One of the main challenges in surrogate modeling is the limited availability of data due to resource constraints associated with computationally expensive simulations. Multi-fidelity methods provide a solution by chaining models in a hierarchy with increasing fidelity, associated with lower error, but increasing cost. In this paper, we compare different multi-fidelity methods employed in constructing Gaussian process surrogates for regression. Non-linear autoregressive methods in the existing literature are primarily confined to two-fidelity models, and we extend these methods to handle more than two levels of fidelity. Additionally, we propose enhancements for an existing method incorporating delay terms by introducing a structured kernel. We demonstrate the performance of these methods across various academic and real-world scenarios. Our findings reveal that multi-fidelity methods generally have a smaller prediction error for the same computational cost as compared to the single-fidelity method, although their effectiveness varies across different scenarios.

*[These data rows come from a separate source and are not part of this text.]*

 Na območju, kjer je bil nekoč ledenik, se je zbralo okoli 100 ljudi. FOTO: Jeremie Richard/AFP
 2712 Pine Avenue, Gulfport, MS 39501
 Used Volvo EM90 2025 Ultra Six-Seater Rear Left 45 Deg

Paper Structure (16 sections, 35 equations, 16 figures, 7 tables)

This paper contains 16 sections, 35 equations, 16 figures, 7 tables.

Figures (16)

  • Figure 1: A kernel function defines the family of the functions with which we are approximating the target function. In this example, we use squared-exponential or RBF kernel and visualize a) a prior distribution over the functions. b) In the posterior distribution in the second plot, newly observed training data points, depicted here in black, narrow the space of potential functions from the initial family, defined by the RBF kernel.

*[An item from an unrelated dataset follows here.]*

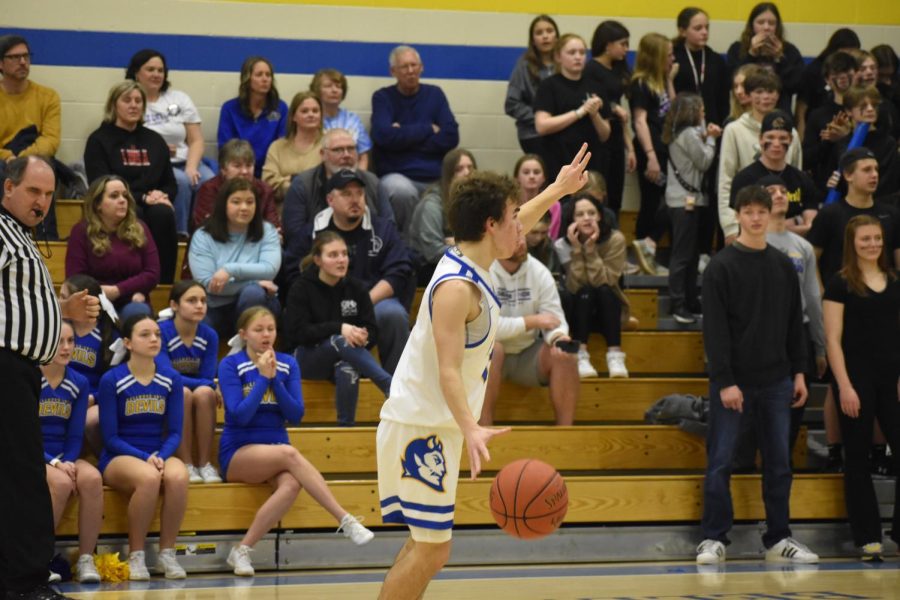 Caleb Beiswenger led BA against Everett with 15 points.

  • Figure 2: It is difficult to approximate the function $f_{h}(x)$ (orange) using only $x$ as an input, because it is highly oscillatory. Including the function $f_{l}(x)$ (blue) as an additional input means only the green, smooth manifold must be approximated, which can be done accurately with only a few data points. The example is adapted from perdikaris2017nonlinear.
  • Figure 3: Flowchart showing the training and prediction steps of NARGP surrogate for a three-fidelity scenario. $f_1$, $f_2$, and $f_3$ represent the function at each fidelity. $g_1$, $g_2$, and $g_3$ represent the surrogate of the corresponding fidelity. Training the NARGP model for a particular level involves evaluating the model of that fidelity level and the previous fidelity level. We draw samples to make predictions for a particular level, which involves drawing samples from the surrogate of the previous level and feeding them as input to the surrogate of that level. We can then use the samples to obtain the required statistical moments of the predictions by marginalizing the samples.

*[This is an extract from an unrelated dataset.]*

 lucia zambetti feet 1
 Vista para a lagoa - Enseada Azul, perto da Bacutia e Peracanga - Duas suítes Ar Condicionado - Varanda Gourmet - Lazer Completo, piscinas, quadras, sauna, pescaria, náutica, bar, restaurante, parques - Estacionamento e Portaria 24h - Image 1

  • Figure 4: Flowchart showing the training and prediction steps of Deep Gaussian process surrogate for three fidelity scenarios. $f_1$, $f_2$, and $f_3$ represent the function at each fidelity. $g_1$, $g_2$, and $g_3$ represent the surrogate of the corresponding fidelity. Training the DGP model for a particular level involves evaluating the model of that fidelity level and the surrogate of the previous fidelity level, which further involves evaluating the one-level lower surrogate. This creates a cascading effect until we reach the lowest fidelity surrogate. The prediction process is similar to the full GP, which involves drawing and marginalizing samples.
  • Figure 5: Visualization of different academic problems. The low and high-fidelity functions are visualized in each sub-plot by orange and blue curves, respectively.